Updates to our Terms of Use

We are updating our Terms of Use. Please carefully review the updated Terms before proceeding to our website.

Thursday, March 28, 2024 | Back issues
Courthouse News Service Courthouse News Service

Russia and Syria at Virtual War With Turkey

Turkish and Syrian troops traded deadly fire in Syria's northwest on Monday, further raising tension between Ankara and Syria-backer Moscow over the war-torn Idlib rebel enclave.

BEIRUT, Lebanon (AFP) — Turkish and Syrian troops traded deadly fire in Syria's northwest on Monday, further raising tension between Ankara and Syria-backer Moscow over the war-torn Idlib rebel enclave.

An air strike killed at least nine civilians in the same area, where the latest government offensive has caused one of the nine-year-old Syrian conflict's worst waves of displacement.

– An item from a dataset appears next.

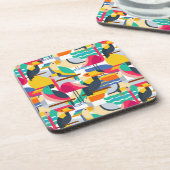 Geometrische tropische vogels drankjes onderzetter (Linkerzijde)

The tit-for-tat shelling between Damascus and Ankara was the deadliest since Turkey deployed troops in Syria in 2016 and escalated tensions between the conflict's two top foreign brokers.

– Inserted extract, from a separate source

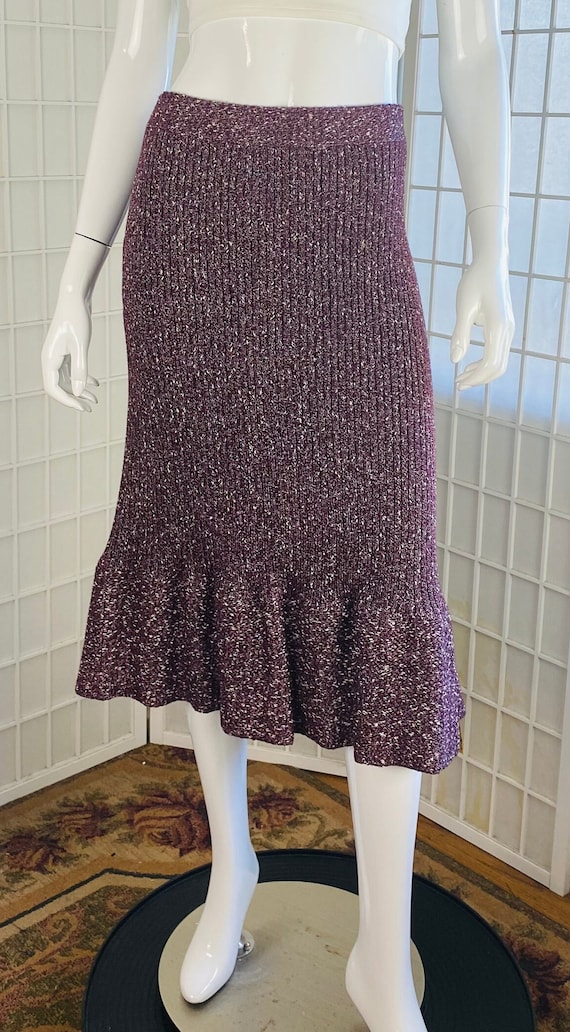 St John Womens Rayon Knit Blend Fit & Flare Skirt,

Turkish President Recep Tayyip Erdogan had offered rare criticism of Russia last week, accusing it of "not honoring" agreements to prevent a regime offensive on the northwestern region of Idlib.

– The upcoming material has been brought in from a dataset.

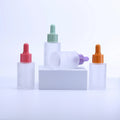 30ML Cosmetic Skin Care Essential Oil Essence Packaging Frosted Glass Flat Shoulder Matte Serum Color Dropper Bottle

The overnight clash began with Syria shelling Turkish positions in Idlib, hours after a Turkish military convoy of at least 240 vehicles entered northwest Syria, according to the Syrian Observatory for Human Rights, a Britain-based war monitor.

The attack killed four Turkish soldiers and wounded nine others despite previous coordination on where Ankara's forces would be in the region, Turkey's defense ministry said.

The Russian defense ministry said Ankara had failed to give warning of its troop movements at the time of the incident.

Retaliatory rocket attacks by Ankara on Syrian positions killed at least 13 Syrian government troops and wounded 20 others in Idlib and the neighboring provinces of Hama and Latakia, the Observatory said.

Most Syrian troops were killed south of Saraqeb, a flashpoint Idlib town that Damascus has been trying to encircle in recent days, said the Observatory.

State news agency SANA said the Syrian army had not suffered any casualties.

Speaking to reporters at an Istanbul airport before leaving for Ukraine, Erdogan called it an "ongoing operation," and said that 30 to 35 Syrian forces were "neutralized" in the counterattack that targeted 40 sites.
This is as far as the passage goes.